This, I believe, will be my final post on an issue that changed my mind about while doing the research for How Jesus Became God. This last one is a big one – for me, at least. And it’s not one that I develop at length in the book in any one place, since it covers a span of material. Here’s the deal:
Until a year ago I would have said – and frequently did say, in the classroom, in public lectures, and in my writings – that Jesus is portrayed as God in the Gospel of John but not, definitely not, in the other Gospels of Matthew, Mark, and Luke. I would point out that only in John did Jesus say such things as “Before Abraham, I am” (8:58; taking upon himself the name of God, as given to Moses in Exodus 3); his Jewish opponents knew full well what he was saying: they take up stones to stone him. Later he says “I and the Father are one” (10:30) Again, the Jews break out the stones. Later he tells his disciples, “If you have seen me, you have seen the Father” (14:9). And in a later prayer to God he asks him to “glorify me in your own presence with the glory that I had with you before the world was created” (17:5).
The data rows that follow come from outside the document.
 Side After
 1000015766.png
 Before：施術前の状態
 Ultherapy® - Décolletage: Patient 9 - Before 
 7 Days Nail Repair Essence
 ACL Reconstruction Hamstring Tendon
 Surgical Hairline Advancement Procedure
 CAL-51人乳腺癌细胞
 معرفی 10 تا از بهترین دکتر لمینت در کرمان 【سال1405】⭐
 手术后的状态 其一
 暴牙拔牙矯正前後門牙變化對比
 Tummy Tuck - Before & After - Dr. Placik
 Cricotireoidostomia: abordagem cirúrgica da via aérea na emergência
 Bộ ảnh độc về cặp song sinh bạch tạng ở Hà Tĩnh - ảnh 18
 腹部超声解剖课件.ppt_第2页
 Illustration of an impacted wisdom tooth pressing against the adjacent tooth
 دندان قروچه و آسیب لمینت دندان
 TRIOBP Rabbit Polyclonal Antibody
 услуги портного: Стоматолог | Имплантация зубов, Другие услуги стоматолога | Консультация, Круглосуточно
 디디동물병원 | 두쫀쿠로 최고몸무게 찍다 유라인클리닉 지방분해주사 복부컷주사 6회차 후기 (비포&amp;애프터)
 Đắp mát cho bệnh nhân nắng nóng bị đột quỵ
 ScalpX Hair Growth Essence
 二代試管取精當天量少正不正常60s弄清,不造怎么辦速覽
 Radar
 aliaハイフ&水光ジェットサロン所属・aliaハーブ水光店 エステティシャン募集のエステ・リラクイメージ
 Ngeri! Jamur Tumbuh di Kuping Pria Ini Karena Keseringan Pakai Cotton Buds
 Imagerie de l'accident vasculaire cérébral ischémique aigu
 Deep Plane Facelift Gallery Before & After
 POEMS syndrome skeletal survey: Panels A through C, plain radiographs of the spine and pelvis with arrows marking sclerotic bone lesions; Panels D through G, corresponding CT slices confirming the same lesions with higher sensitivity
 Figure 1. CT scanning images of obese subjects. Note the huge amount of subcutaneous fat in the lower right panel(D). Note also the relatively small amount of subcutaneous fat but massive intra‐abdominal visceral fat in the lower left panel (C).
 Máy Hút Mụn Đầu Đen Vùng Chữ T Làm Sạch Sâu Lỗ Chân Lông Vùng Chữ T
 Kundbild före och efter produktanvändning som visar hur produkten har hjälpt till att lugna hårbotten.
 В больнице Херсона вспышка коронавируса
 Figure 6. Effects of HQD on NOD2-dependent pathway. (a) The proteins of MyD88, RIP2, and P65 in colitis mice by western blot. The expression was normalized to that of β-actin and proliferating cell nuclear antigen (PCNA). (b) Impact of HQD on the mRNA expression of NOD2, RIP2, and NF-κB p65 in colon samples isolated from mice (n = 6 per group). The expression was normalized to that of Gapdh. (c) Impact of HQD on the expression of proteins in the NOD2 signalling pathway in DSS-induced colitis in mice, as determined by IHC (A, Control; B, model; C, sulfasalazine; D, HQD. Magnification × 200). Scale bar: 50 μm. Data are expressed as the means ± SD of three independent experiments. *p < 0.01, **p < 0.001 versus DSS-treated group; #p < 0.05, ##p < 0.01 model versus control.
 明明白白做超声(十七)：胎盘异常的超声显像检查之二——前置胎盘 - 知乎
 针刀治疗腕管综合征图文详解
None of these sayings, or anything like them, can be found in the other canonical Gospels. John is clearly portrayed as a divine being in John, but only in John (I would have argued).
Sometimes students, audience members, or readers would object, that even if the other Gospels do not flat-out *call* Jesus God, his divinity is implied in other ways. For example, he does amazing miracles that surely only a divine figure could do; and he forgives people’s sins, which surely is a prerogative of God alone; and he receives worship as people bow down before him, which surely indicates that he welcomes divine honors.
I would typically respond to these comments by arguing that all of these things are completely compatible with human, not just divine, authority. (I still hold to this view, even though I have a different conclusion now about the Christology of Matthew, Mark, and Luke).
With respect to Jesus’ ability to do miracles: in the Hebrew Bible the prophets Elijah and Elisha did fantastic miracles through the power of God – including healing the sick and raising the dead — and in the New Testament so did the apostles Peter and Paul; but that did not make any of them divine. They were humans.
With respect to the forgiveness of sins: when Jesus forgives sins, he never says “I forgive you,” as God might say, but “your sins are forgiven,” which means that God has forgiven your sins. This prerogative for pronouncing sins forgiven was otherwise reserved for Jewish priests in honor of sacrifices worshipers made at the temple. Jesus may be claiming a priestly, not a divine prerogrative.
With respect to people bowing down to him in worship: kings were worshiped – even in the Bible (Matt. 18:26) — by veneration and obeisance, just as God was. Here Jesus may be accepting the worship due to him as the future king.
As a result, none of these things, in and of itself, indicates clearly that Jesus is divine. One could argue that the three things taken together as a group makes a stronger case for Jesus’ divinity: Jesus has the role of prophet, priest, and king – not just one thing or the other. And together these things suggest he is something more than human.
But more than that, in doing my research and thinking harder and harder about the issue, when I (a) came to realize that the Gospels not only attributed these things to him, but also understood him to be adopted as the Son of God at his baptism (Mark 1:9-11), or to have been made the son of God by virtue of the fact that God was literally his father, in that it was the Spirit of God that made the virgin Mary pregnant (Luke 1:35), and (b) realized what “adoption” meant to people in the Roman world (as indicated in a previous post), I finally yielded. These Gospels do indeed think of Jesus as divine. Being made the very Son of God who can heal, cast out demons, raise the dead, pronounce divine forgiveness, receive worship together suggests that even for these Gospels Jesus was a divine being, not merely a human.
But in a different sense from John. (And in a different sense from one another.)
In some ways, much of my book is predicated on the idea that when someone says that Jesus is God, you always have to ask “in what sense?” John’s sense is different from Mark’s and Mark’s is different from Luke’s and Luke’s is different from Paul’s and so on.
For Mark, Jesus was adopted to be God’s son at his baptism. Before that, he was a mere mortal. For Luke, Jesus was conceived by God and so was literally God’s son, from the point of his conception. (In Luke Jesus did not exist *prior* to that conception to the virgin – his conception is when he came into existence). For John, Jesus was a pre-existent divine being – the Word of God who was both with God and was God at the beginning of all things – who became a human. Here he is not born of a virgin and he is not adopted by God at the baptism (neither event is narrated in John – and could not be, given, John’s Christology).
So yes, now I agree that Jesus is portrayed as a divine being, a God-man, in all the Gospels. But in very different ways, depending on which Gospel you read.